Activity:
Find the line below with "A Dutch Delft" and the line with "Uma sala de". Output exactly those lines and everything between them, leaving out the pictures.

***** Records to process *****

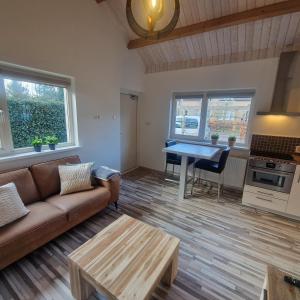 Posezení v ubytování Holiday house de Bosuil - 2 km from the beach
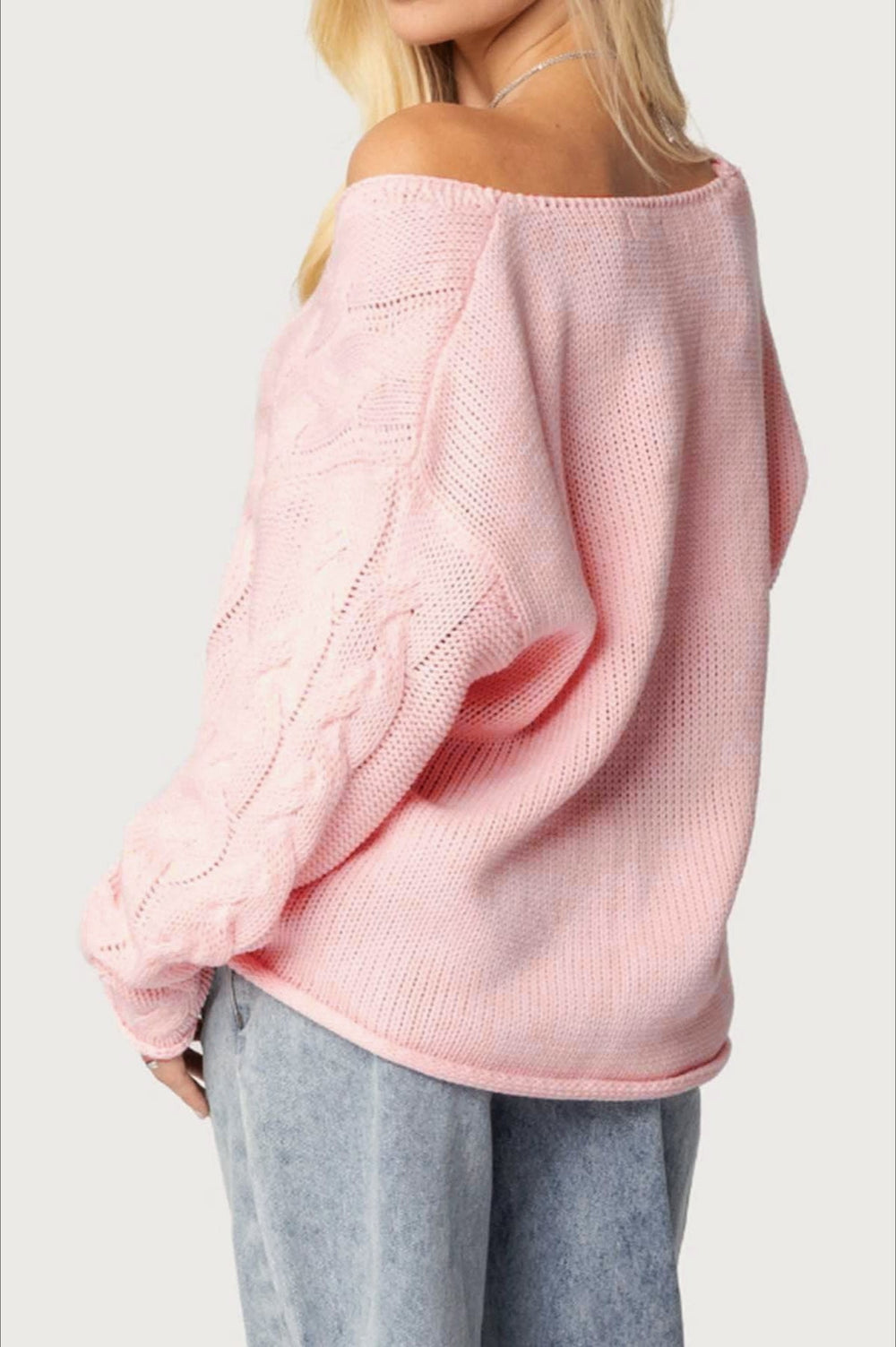 Locker geschnittener Pullover mit V-Ausschnitt und Strickstruktur in Rosa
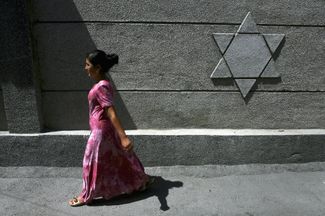 An Uzbek woman passes the only remaining synagogue in Fergana, Uzbekistan. August 14, 2006.
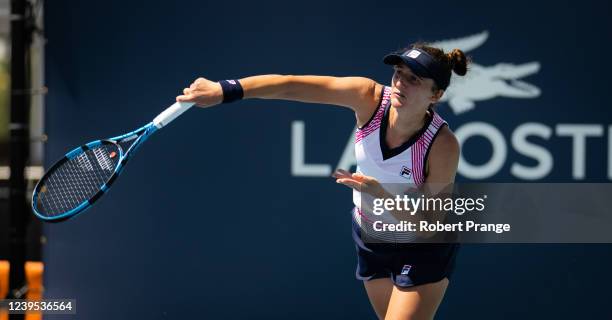 Irina-Camelia Begu of Romania in action against Aliaksandra Sasnovich of Belarus in her third round match on day 6 of the Miami Open at Hard Rock...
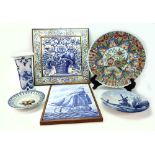 A Dutch Delft blue and white tile panel, 20th century, painted with a sailing vessel, 39 x 26cm,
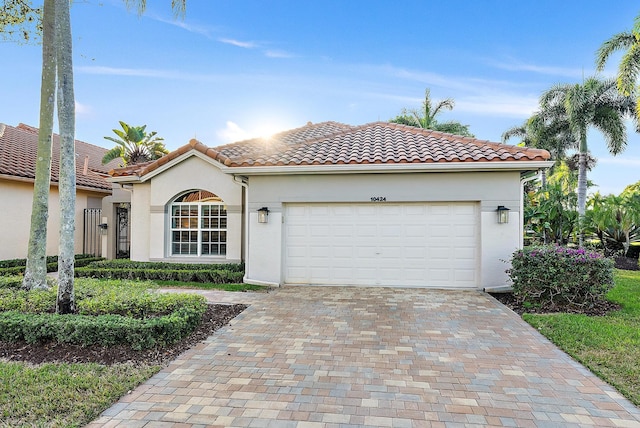 mediterranean / spanish house featuring a garage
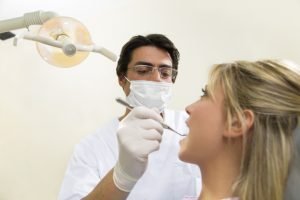 Tandläkare undersöker en kvinnas tänder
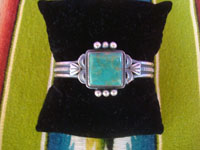 Native American Indian vintage sterling silver jewelry, and Navajo vintage sterling silver jewelry, a beautiful silver bracelet with a wonderful turquoise stone decorating the front, Arizona or New Mexico, c. 1950's. Main photo of the bracelet.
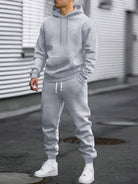 Man in a grey hoodie and matching joggers tracksuit set, standing on a street | Chaps London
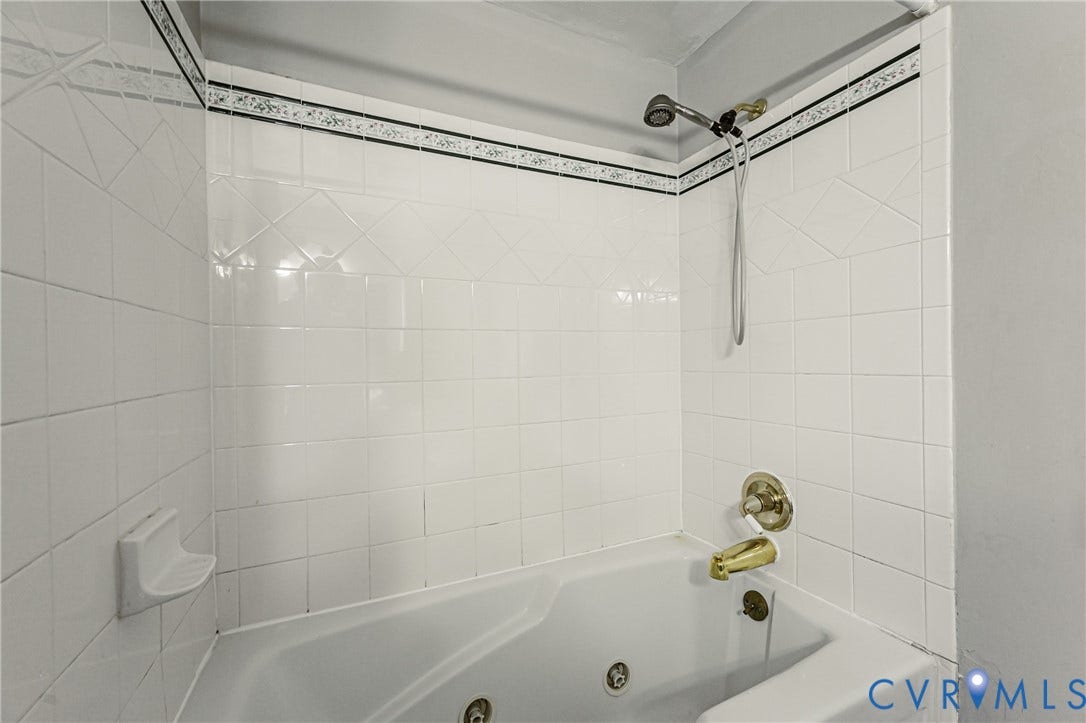 9406 Emmett Court, Glen Allen, VA 23060 Clean and functional bathroom featuring white subway tile walls, a chrome showerhead with adjustable fixtures, and a soaking tub with brass valve hardware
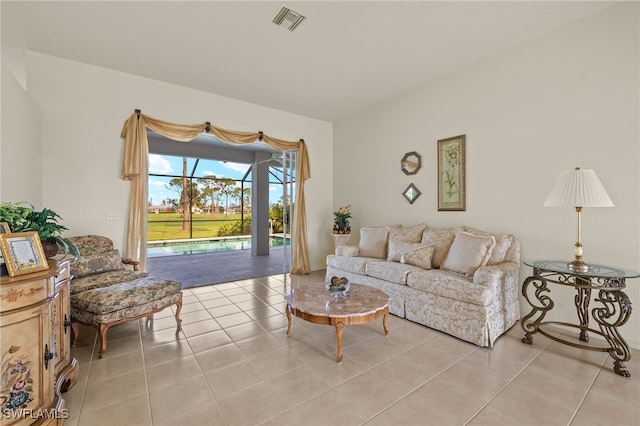 living room featuring visible vents and light tile patterned floors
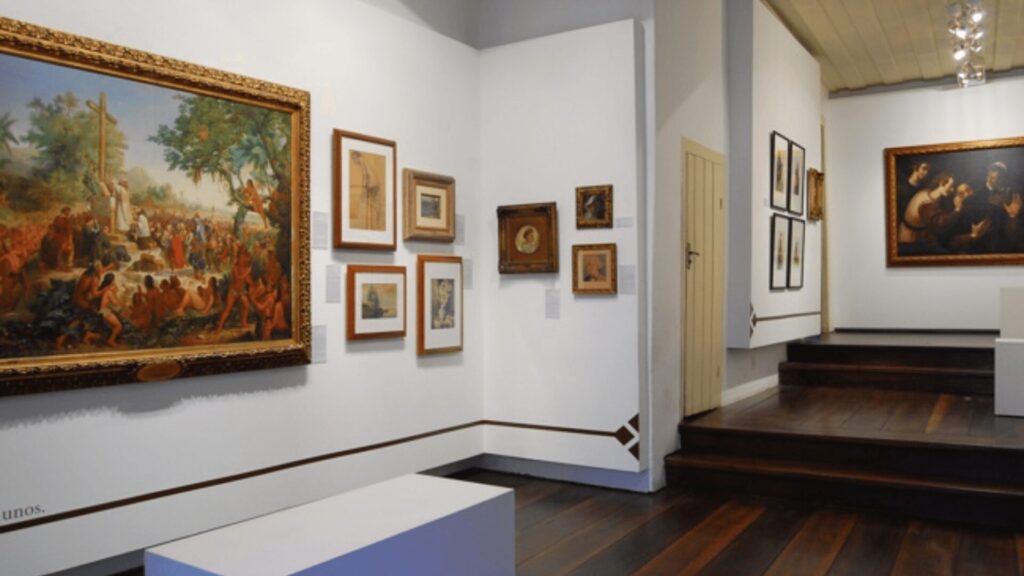 Uma sala de exposição de museu com paredes brancas e piso de madeira escura. À esquerda, uma grande pintura emoldurada em dourado mostra uma cena religiosa com muitas figuras. Várias outras pinturas menores emolduradas estão penduradas na parede adjacente. No centro da sala, há um banco branco. À direita, um lance de escadas de madeira leva a outra área do museu, onde mais pinturas podem ser vistas na parede.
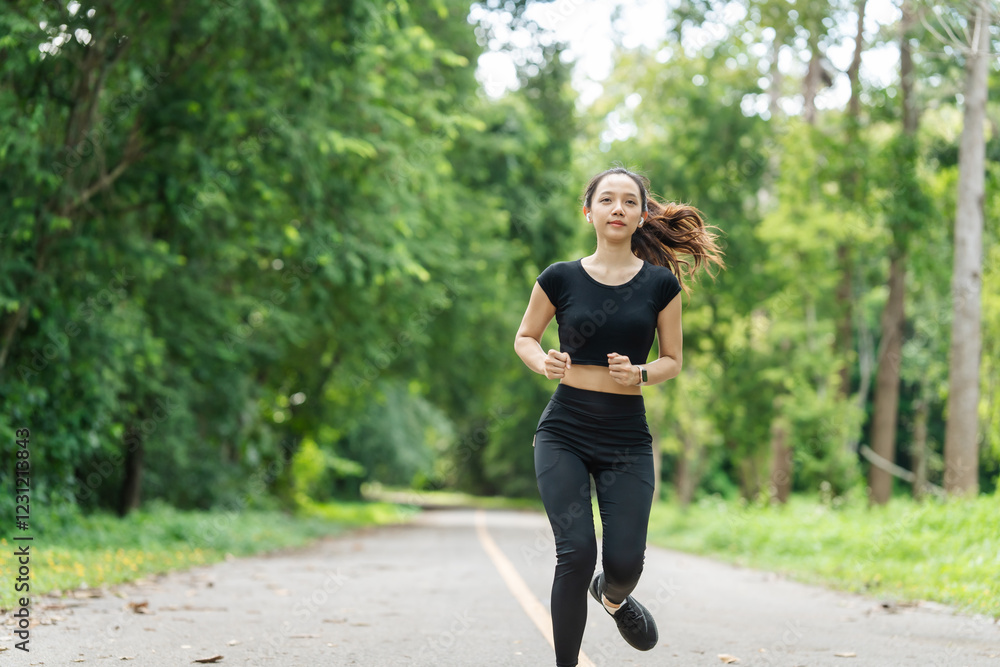 A woman in sportswear running in the park, enjoying fresh air, engaging in outdoor activities to maintain a healthy lifestyle, boosting cardiovascular health, and feeling happy and energetic A woman in sportswear running in the park, enjoying fresh air, engaging in outdoor activities to maintain a healthy lifestyle, boosting cardiovascular health, and feeling happy and energetic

*****

The answer:
 A Dutch Delft blue and white tile panel, 20th century, painted with a sailing vessel, 39 x 26cm,
 mediterranean / spanish house featuring a garage
 Tandläkare undersöker en kvinnas tänder
 Native American Indian vintage sterling silver jewelry, and Navajo vintage sterling silver jewelry, a beautiful silver bracelet with a wonderful turquoise stone decorating the front, Arizona or New Mexico, c. 1950's. Main photo of the bracelet.
 Man in a grey hoodie and matching joggers tracksuit set, standing on a street | Chaps London
 9406 Emmett Court, Glen Allen, VA 23060 Clean and functional bathroom featuring white subway tile walls, a chrome showerhead with adjustable fixtures, and a soaking tub with brass valve hardware
 living room featuring visible vents and light tile patterned floors
 Uma sala de exposição de museu com paredes brancas e piso de madeira escura. À esquerda, uma grande pintura emoldurada em dourado mostra uma cena religiosa com muitas figuras. Várias outras pinturas menores emolduradas estão penduradas na parede adjacente. No centro da sala, há um banco branco. À direita, um lance de escadas de madeira leva a outra área do museu, onde mais pinturas podem ser vistas na parede.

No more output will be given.